Yo había preparado mi discurso con mucha antelación. Tenía los puntos centrales bien claros y casi aprendidos de memoria. Lo único que no tenía previsto era cómo iba a empezar una petición tan seria e importante. Soy meticuloso, pero se me pasó con qué palabra o frase iniciar mi perorata. Tenía que improvisar una introducción, y rápido, pues mi jefe se estaba impacientando. Uno de mis mayores problemas es que no soy bueno para improvisar. Cada vez que lo hago genero una situación ridícula o tensa. Recuerdo, por ejemplo, la vez que en el colegio me pidieron que contara cualquier cosa sobre mi familia y todos terminaron riéndose y se burlaron hasta el último día de clases por algo que dije ahí. O la vez que esa bonita chica de pelo corto que invité al parque miraba a cada rato su reloj y a la media hora de estar juntos me dijo que se tenía que ir. Por eso es que llevo todo preparado, imagino todas las posibles preguntas que se me harán y armo sendas respuestas. También invento conversaciones que duran dos horas y estudio temas y variantes, lugares comunes y cosas que no se pueden decir. Como se imaginarán siempre hay un momento en que mi interlocutor me sorprende con algo y yo lanzo una estupidez que arruina todo.

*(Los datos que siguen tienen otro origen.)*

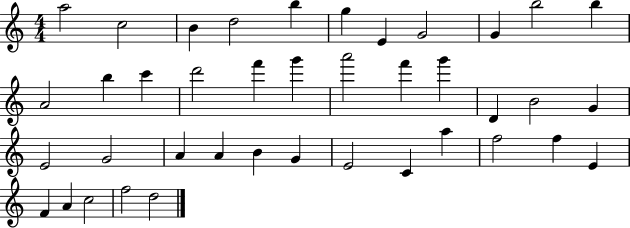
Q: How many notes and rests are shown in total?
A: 40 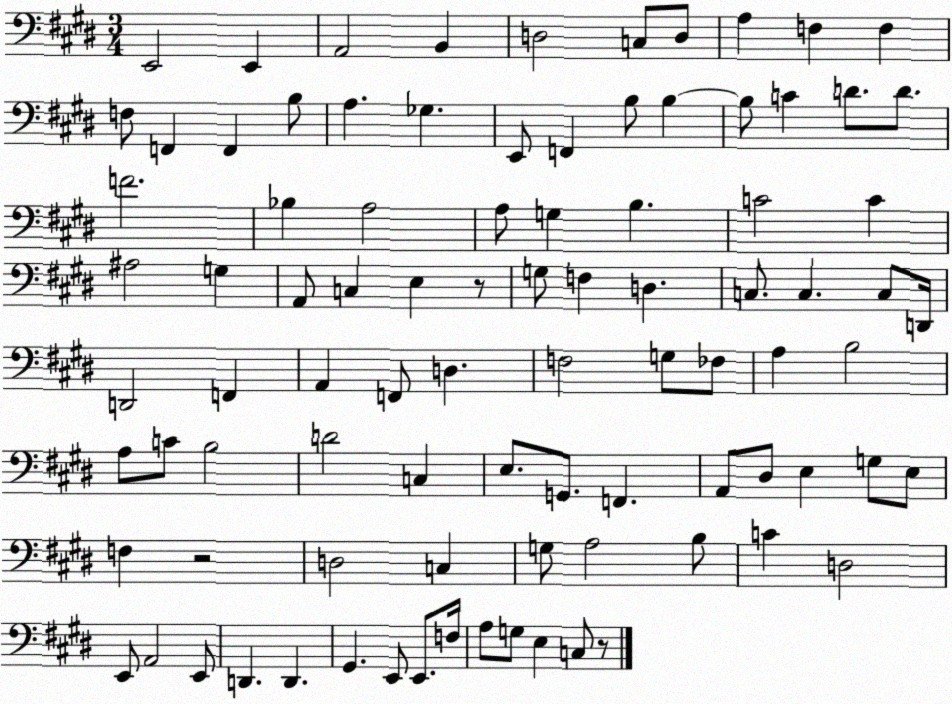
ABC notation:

X:1
T:Untitled
M:3/4
L:1/4
K:E
E,,2 E,, A,,2 B,, D,2 C,/2 D,/2 A, F, F, F,/2 F,, F,, B,/2 A, _G, E,,/2 F,, B,/2 B, B,/2 C D/2 D/2 F2 _B, A,2 A,/2 G, B, C2 C ^A,2 G, A,,/2 C, E, z/2 G,/2 F, D, C,/2 C, C,/2 D,,/4 D,,2 F,, A,, F,,/2 D, F,2 G,/2 _F,/2 A, B,2 A,/2 C/2 B,2 D2 C, E,/2 G,,/2 F,, A,,/2 ^D,/2 E, G,/2 E,/2 F, z2 D,2 C, G,/2 A,2 B,/2 C D,2 E,,/2 A,,2 E,,/2 D,, D,, ^G,, E,,/2 E,,/2 F,/4 A,/2 G,/2 E, C,/2 z/2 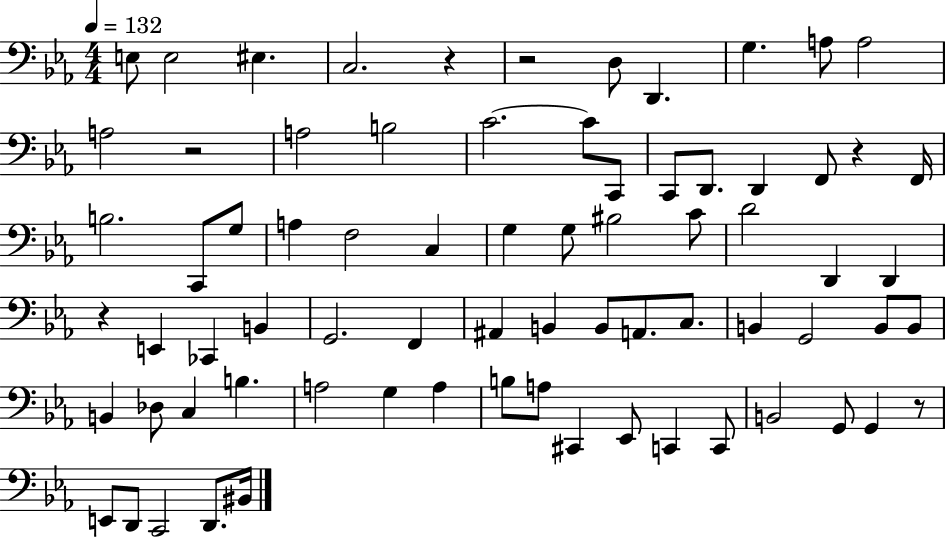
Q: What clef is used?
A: bass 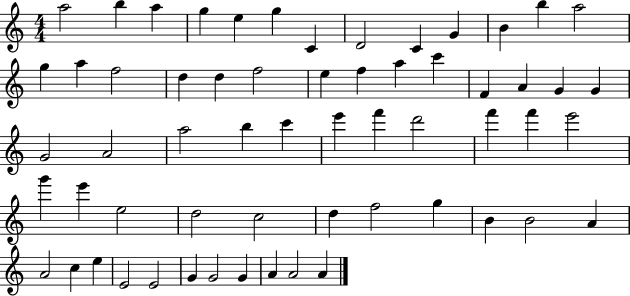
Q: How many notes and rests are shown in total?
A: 60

— Fernández, no tengo mucho tiempo, hable.
A esta altura mi jefe ya me miraba con enojo e impaciencia. Cambió de posición y se acomodó. Puso una mano debajo de su sobaco y con la otra se acariciaba la barbilla. No me quitaba la vista de encima. Con mucho esfuerzo logré emitir un sonido, entre quejido y carraspera, que se supone era un sí.
— Gghí…
Expulsé aire como preparándome física y mentalmente para subir una montaña. Miré en derredor buscando alguna palabra que me ayudara a salir de ese momento. Había un archivero y un mueble donde él dejaba sus cosas. Mas allá estaban su escritorio y su computador, el teclado y el ratón sobre una lona verde con forma de hoja. El reloj digital de pared con sus números rojos y sus dos puntos palpitantes marcaba las diez treinta y cuatro y una temperatura de veintitrés grados celsius. La ciudad y sus edificios se veían recortados por las persianas de la gran ventana del fondo. Traté de recordar alguna escena de película. Nada. Tenía la mente en blanco.

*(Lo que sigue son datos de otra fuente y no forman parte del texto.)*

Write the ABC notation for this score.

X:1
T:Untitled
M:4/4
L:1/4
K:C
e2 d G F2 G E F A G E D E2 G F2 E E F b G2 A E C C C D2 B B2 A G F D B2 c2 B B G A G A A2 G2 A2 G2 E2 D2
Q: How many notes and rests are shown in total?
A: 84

— Fernández –dijo mi jefe en tono más alto, como cuando sorprende a algún compañero dormitando en su puesto—, su correo decía que tenía que hablar algo importante conmigo. Por eso estamos aquí. No se quede ahí mirando el vacío ¡hable hombre!

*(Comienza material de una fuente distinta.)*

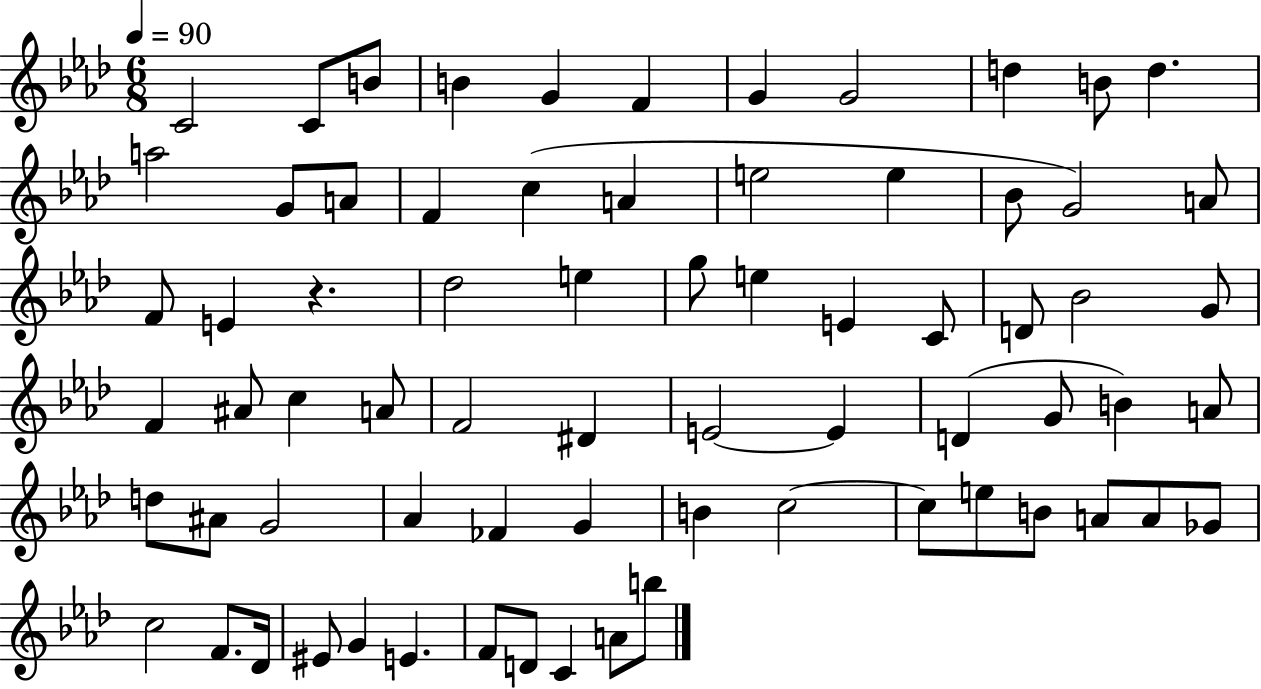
X:1
T:Untitled
M:6/8
L:1/4
K:Ab
C2 C/2 B/2 B G F G G2 d B/2 d a2 G/2 A/2 F c A e2 e _B/2 G2 A/2 F/2 E z _d2 e g/2 e E C/2 D/2 _B2 G/2 F ^A/2 c A/2 F2 ^D E2 E D G/2 B A/2 d/2 ^A/2 G2 _A _F G B c2 c/2 e/2 B/2 A/2 A/2 _G/2 c2 F/2 _D/4 ^E/2 G E F/2 D/2 C A/2 b/2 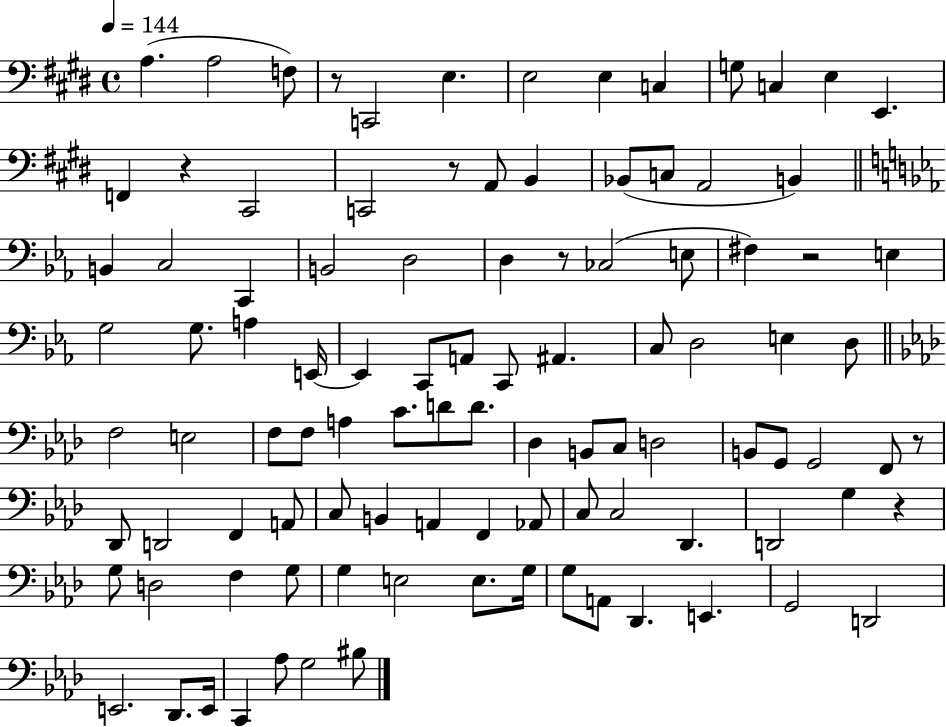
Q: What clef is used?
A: bass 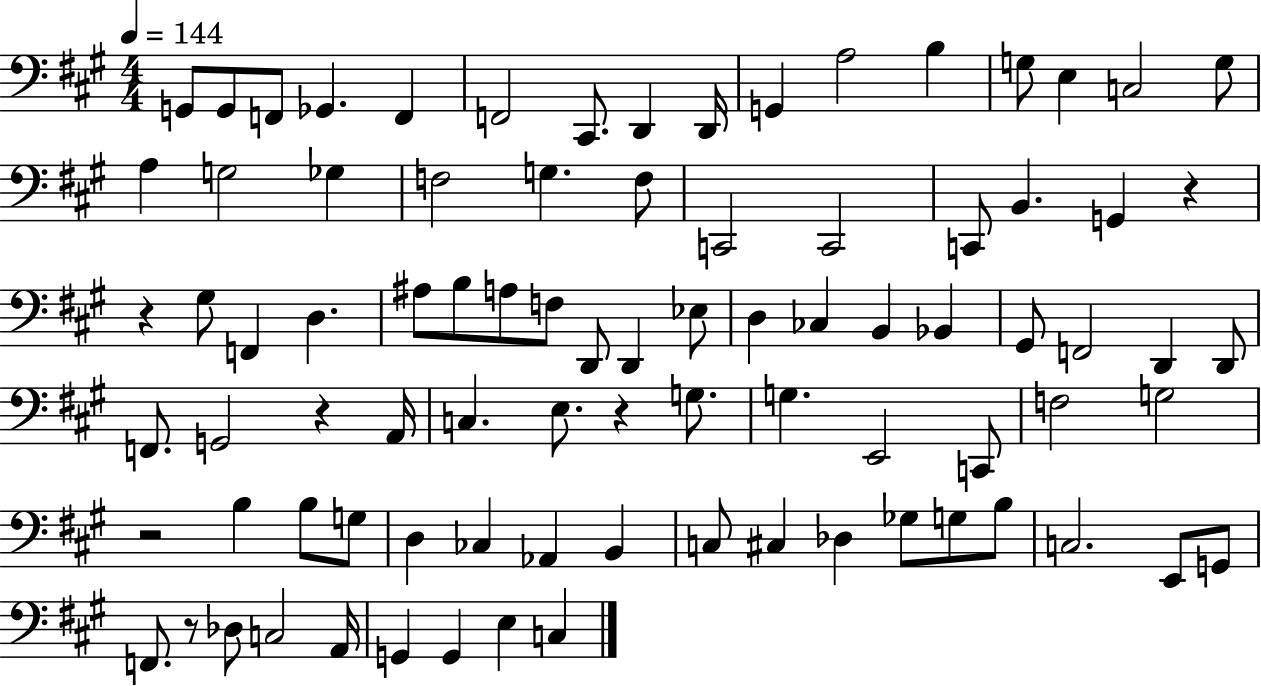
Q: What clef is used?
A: bass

Cuando se calló me puse a observar su corbata con pequeñas medias lunas blancas, estaba arrugada, igual que la camisa verde recogida hasta el antebrazo. El reloj en su muñeca era brillante, grande, con muchos marcadores. Tenía una muñeca gruesa y una mano fuerte y peluda. No sería difícil para esa mano apretar un cuello flacucho como el mío. Casi pude sentir sus dedos y me acaricié la garganta. Sentía un opresivo calor en todo el cuerpo y empecé a sudar copiosamente. Saqué el pañuelo, me lo pasé por el cuello y la frente y aproveché el movimiento para quitarme los lentes y limpiarlos. Todo esto mi jefe lo miraba con asombro, como si estuviera frente a un animal que se creía extinto. Me fijé en el bolsillo de su camisa y vi que tenía un lápiz, entonces recordé que yo había garabateado mis ideas principales y tenía el papel en alguna parte. Me tanteé los bolsillos del pantalón y luego el pecho y ¡zas! ahí estaba, en el bolsillo de la camisa.
— ¡Qué bruto! —murmuré.
Mi jefe abrió los ojos y al mismo tiempo que se ponía de pie exclamaba:
— ¡Qué dijo Fernández!
— ¡Noooooo, no, no, no, no jefe, lo digo por mí! ¡Por mí! Cómo se le ocurre. Es que tenía el papel aquí ¿ve? —Introduje la mano por el cuello del chaleco y extraje el papel—. Aquí tengo escrito lo que voy a decirle, no se preocupe. Siéntese, siéntese.
No se quería sentar, estaba tieso y rojo. Podía oír su respiración. Incapaz de mirarlo a los ojos bajé la cabeza, desplegué el papel como pude y lo puse sobre la mesa. Creo que eso le causó cierta curiosidad y se calmó un poco, pero antes de sentarse me dijo:
— Fernández, está usted en el límite. No tiene margen.
Muy angustiado me concentré en la primera frase y leí en voz alta:
— “Habla claro y modula bien”
Era mi primera recomendación para este momento. Se me olvidó ponerlo entre paréntesis y por el apuro lo tomé como parte del inicio. Un error garrafal. Mi jefe me quitó el papel de un tirón, lo arrugó y lo lanzó lejos. Luego puso sus dos fuertes y peludas manos sobre la mesa y casi encima de mí exclamó:
— ¡¿Qué clase de imbécil?! ¿¡Sabes con quién estás hablando!?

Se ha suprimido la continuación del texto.